__HOW TO COMPLETE THIS TASK__:
Nothing but the line with "CAO MỤN SÂM ĐỎ" and the lines after it should appear, each retyped exactly as in the listing.

__GIVEN RECORDS__:

··········

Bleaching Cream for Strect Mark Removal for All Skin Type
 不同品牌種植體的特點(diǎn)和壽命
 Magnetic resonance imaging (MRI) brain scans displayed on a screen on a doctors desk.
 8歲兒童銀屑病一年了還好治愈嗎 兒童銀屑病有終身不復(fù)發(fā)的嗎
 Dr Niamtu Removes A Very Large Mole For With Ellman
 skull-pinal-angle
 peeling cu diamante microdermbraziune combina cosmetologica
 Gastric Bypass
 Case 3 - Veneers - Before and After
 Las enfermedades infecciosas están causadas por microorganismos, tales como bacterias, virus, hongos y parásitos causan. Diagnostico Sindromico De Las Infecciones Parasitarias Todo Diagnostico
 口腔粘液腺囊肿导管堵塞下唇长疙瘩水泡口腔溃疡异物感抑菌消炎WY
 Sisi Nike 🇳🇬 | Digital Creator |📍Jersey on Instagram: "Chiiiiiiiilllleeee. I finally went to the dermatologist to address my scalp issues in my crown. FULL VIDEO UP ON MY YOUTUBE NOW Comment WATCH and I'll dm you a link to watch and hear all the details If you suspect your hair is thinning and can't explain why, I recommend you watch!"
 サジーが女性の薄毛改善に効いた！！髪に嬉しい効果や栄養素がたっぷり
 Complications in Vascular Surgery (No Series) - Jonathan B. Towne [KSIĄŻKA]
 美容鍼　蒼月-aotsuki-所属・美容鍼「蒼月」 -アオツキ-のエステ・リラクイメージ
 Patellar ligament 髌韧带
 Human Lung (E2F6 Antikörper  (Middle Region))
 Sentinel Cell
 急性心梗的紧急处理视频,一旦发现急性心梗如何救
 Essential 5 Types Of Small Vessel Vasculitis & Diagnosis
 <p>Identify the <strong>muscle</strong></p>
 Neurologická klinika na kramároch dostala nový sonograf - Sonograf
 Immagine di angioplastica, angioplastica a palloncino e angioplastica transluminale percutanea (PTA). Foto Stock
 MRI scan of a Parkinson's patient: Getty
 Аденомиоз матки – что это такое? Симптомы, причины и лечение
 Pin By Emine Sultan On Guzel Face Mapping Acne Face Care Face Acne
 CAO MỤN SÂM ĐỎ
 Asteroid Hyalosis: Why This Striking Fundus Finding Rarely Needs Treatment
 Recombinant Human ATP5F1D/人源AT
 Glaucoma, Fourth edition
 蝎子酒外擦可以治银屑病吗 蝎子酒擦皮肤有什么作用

··········

__SOLUTION TO THE EXERCISE__:
 CAO MỤN SÂM ĐỎ
 Asteroid Hyalosis: Why This Striking Fundus Finding Rarely Needs Treatment
 Recombinant Human ATP5F1D/人源AT
 Glaucoma, Fourth edition
 蝎子酒外擦可以治银屑病吗 蝎子酒擦皮肤有什么作用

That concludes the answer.